> WHAT IS BEING ASKED
Omit every picture and write out the rest of the records exactly.

─── RECORDS SHOWN ───

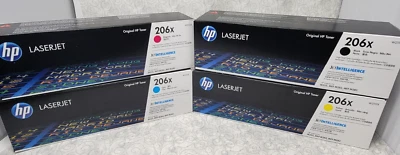 HP 206X Black Cyan Magenta Yellow Toner W2110X W2111X W2112X W2113X Set - New - Image 1 of 2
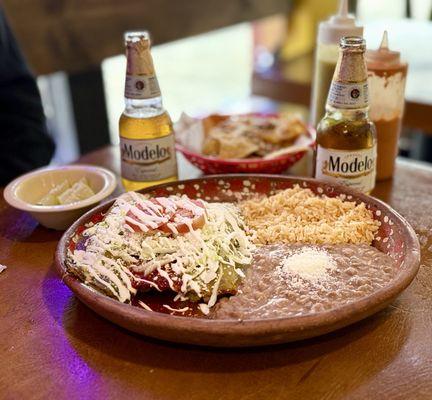 3 enchiladas with red and green sauce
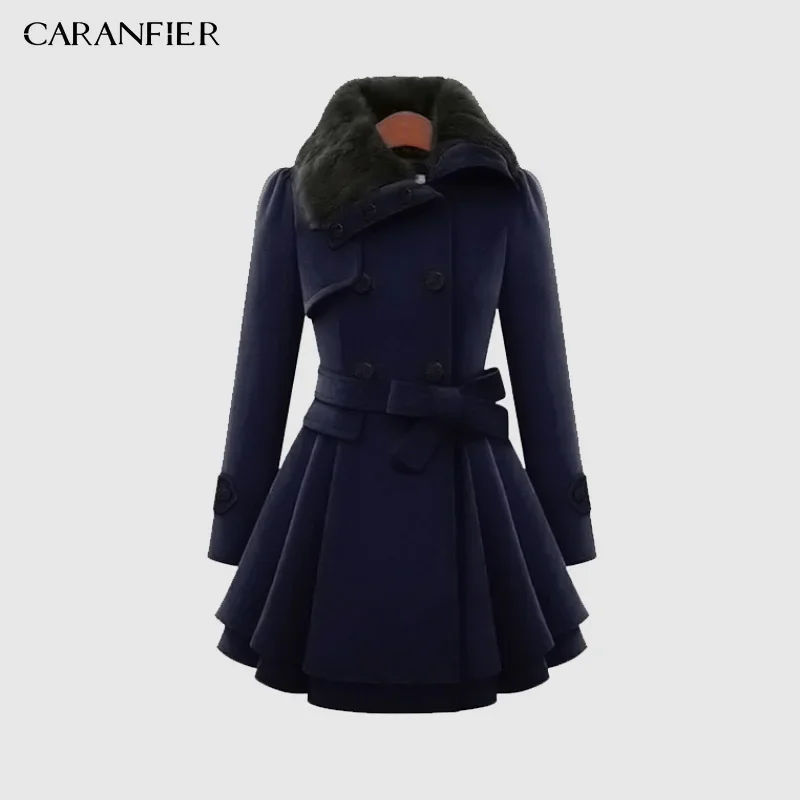 CARANFIER Cappotto da donna Nuovo stile Europa e America Abito da DONNA Slim Fit Lungo doppio petto Cappotto spesso con orlo Giacca di lana 3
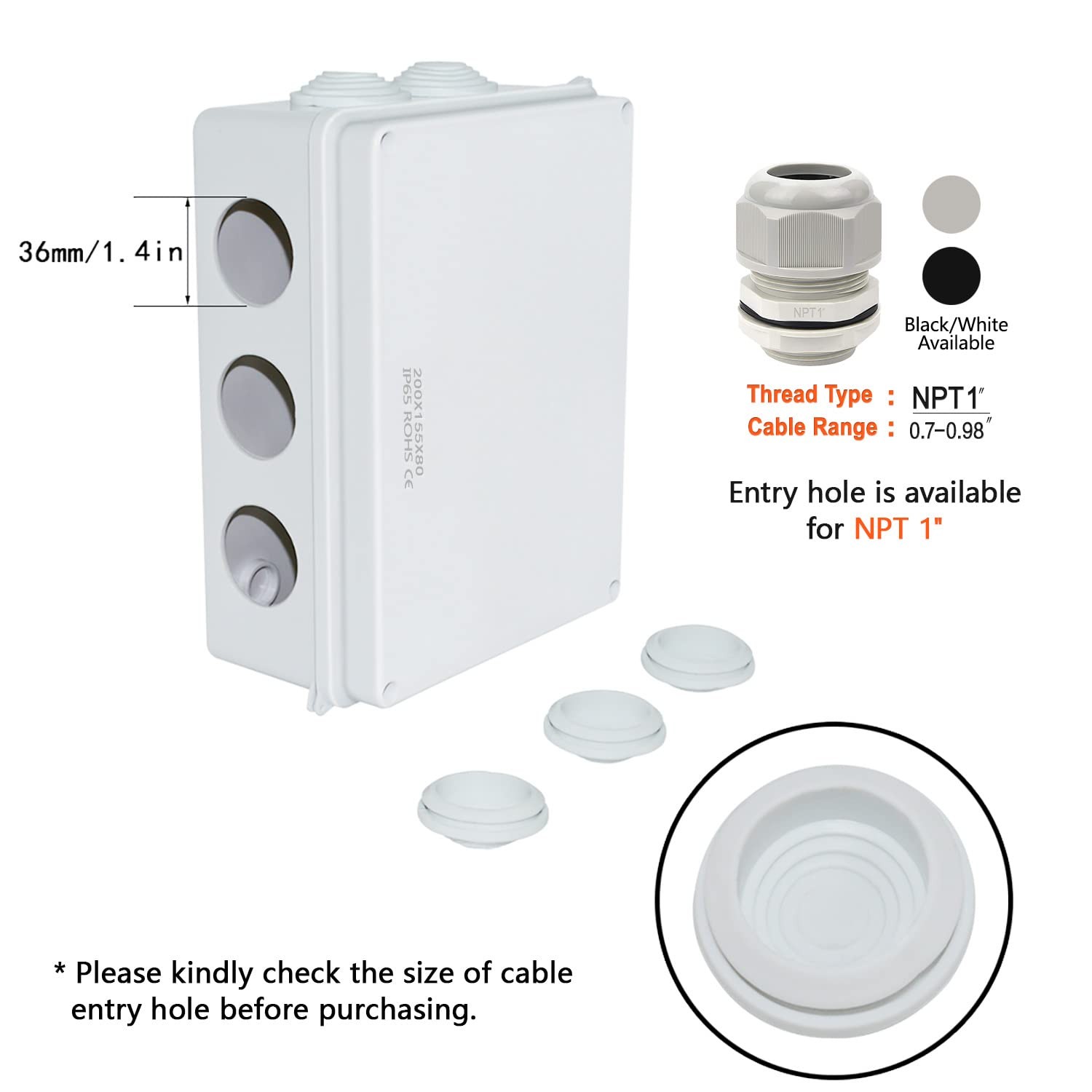 LeMotech ABS Plastic Dustproof Waterproof 7.8" x 6.1" x 3.1" (1pc), white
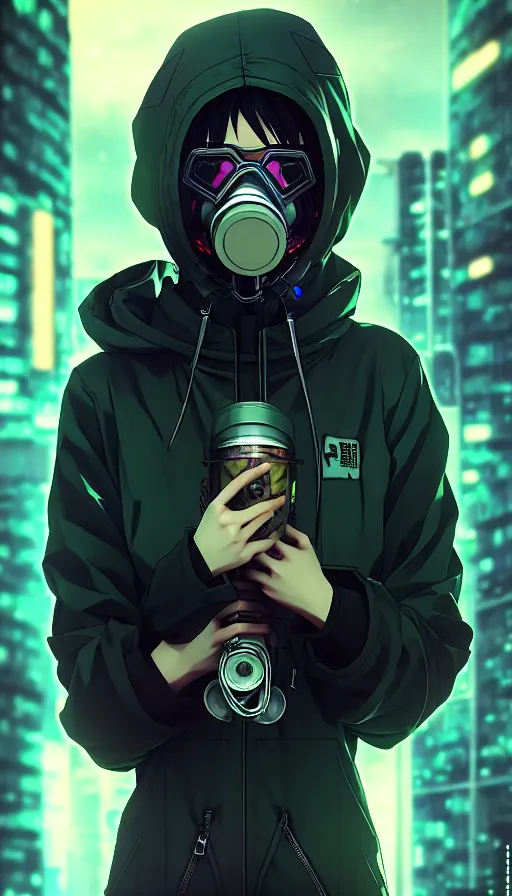 Image similar to cyberpunk anime girl in hoodie, cyberpunk gas mask, 3 / 4 shot, street night, grafity, beautiful face, grafity, arcane, action, tokyo street, detail, good face, pose model, concept art, in style of yoji shinkawa, pan ren wei, col price, atey ghailan, by greg rutkowski, aesthetic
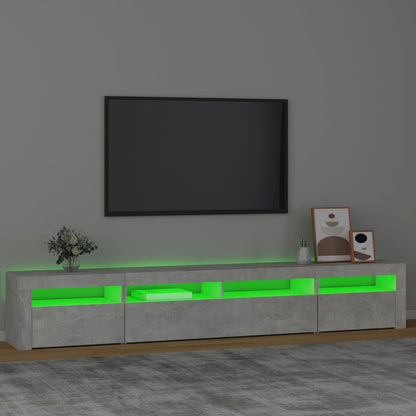 Tv Skříňka S Led Osvětlením Betonově Šedá 240X35X40 Cm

───

> RESPONSE FOR THIS EXERCISE
 HP 206X Black Cyan Magenta Yellow Toner W2110X W2111X W2112X W2113X Set - New - Image 1 of 2
 3 enchiladas with red and green sauce
 CARANFIER Cappotto da donna Nuovo stile Europa e America Abito da DONNA Slim Fit Lungo doppio petto Cappotto spesso con orlo Giacca di lana 3
 LeMotech ABS Plastic Dustproof Waterproof 7.8" x 6.1" x 3.1" (1pc), white
 Image similar to cyberpunk anime girl in hoodie, cyberpunk gas mask, 3 / 4 shot, street night, grafity, beautiful face, grafity, arcane, action, tokyo street, detail, good face, pose model, concept art, in style of yoji shinkawa, pan ren wei, col price, atey ghailan, by greg rutkowski, aesthetic
 Tv Skříňka S Led Osvětlením Betonově Šedá 240X35X40 Cm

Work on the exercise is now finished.